If you know someone who runs one of those charities that donates eyeglasses to the needy, now would be the time to point them in the direction of Lindsay Lohan, because bitch is clearly going blind if she can’t see how truly messy those stairs are behind her.

Yesterday, the itchy drug-resistant rash America gave to England posted a picture of herself wearing one of those waist trainers to Twitter. And just like the last time she tried to post a sexy body selfie, the right side of her body was lousy with janky Photoshop fuckery and a bunch of people called her ass out for it. Sidebar: you know you’re dealing with a truly busted photo when the giant pair of pastel green spandex-wrapped pussy lips aren’t thing first thing your eyes are drawn to.

Of course, once the Apricot Ashtray realized that she’d been caught trying to shrink her waist with the liquify tool, she yanked the picture. A little while later, she uploaded it once again, this time with a set of stairs that didn’t look like they weren’t built by Salvador Dali.
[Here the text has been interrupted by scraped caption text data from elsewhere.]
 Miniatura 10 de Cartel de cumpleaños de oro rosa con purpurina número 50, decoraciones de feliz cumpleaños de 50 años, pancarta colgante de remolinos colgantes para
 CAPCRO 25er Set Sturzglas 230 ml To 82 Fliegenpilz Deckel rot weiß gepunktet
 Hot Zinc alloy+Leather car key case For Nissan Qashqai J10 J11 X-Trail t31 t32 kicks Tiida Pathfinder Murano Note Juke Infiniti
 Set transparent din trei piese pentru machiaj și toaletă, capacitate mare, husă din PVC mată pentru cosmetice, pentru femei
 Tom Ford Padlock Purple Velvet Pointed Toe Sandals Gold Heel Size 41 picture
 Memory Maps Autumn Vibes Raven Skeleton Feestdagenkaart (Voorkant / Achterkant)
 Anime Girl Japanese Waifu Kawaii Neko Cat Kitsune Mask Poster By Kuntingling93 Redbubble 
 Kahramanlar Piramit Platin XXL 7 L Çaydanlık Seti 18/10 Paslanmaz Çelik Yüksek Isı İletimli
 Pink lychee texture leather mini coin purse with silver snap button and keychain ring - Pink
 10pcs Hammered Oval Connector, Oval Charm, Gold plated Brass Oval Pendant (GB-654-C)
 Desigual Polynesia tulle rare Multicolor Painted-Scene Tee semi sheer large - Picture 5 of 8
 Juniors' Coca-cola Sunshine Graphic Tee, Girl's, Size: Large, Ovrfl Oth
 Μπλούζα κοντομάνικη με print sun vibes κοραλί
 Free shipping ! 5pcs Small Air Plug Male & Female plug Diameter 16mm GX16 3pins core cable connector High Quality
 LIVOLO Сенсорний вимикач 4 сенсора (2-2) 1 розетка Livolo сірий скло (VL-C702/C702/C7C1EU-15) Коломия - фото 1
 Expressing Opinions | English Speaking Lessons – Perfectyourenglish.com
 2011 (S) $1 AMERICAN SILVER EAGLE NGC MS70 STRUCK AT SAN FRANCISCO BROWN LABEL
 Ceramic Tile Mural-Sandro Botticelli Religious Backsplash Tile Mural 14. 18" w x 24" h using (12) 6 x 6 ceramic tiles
But it was too late. Everyone already saw those warped stairs and floor tiles. Sweet Jesus, those floor tiles! If that’s not the result of shitty Photoshop, then HGTV’s Scott McGillivray better get his hot ass to whatever severely flood-damaged basement Lohan took this picture in and fix it.

How many times does this kind of crap have to happen before famous vain types will finally learn to stop posing in front of stairs if they plan on sneakily Photoshopping the hell out of themselves? Stairs will rat you out every time!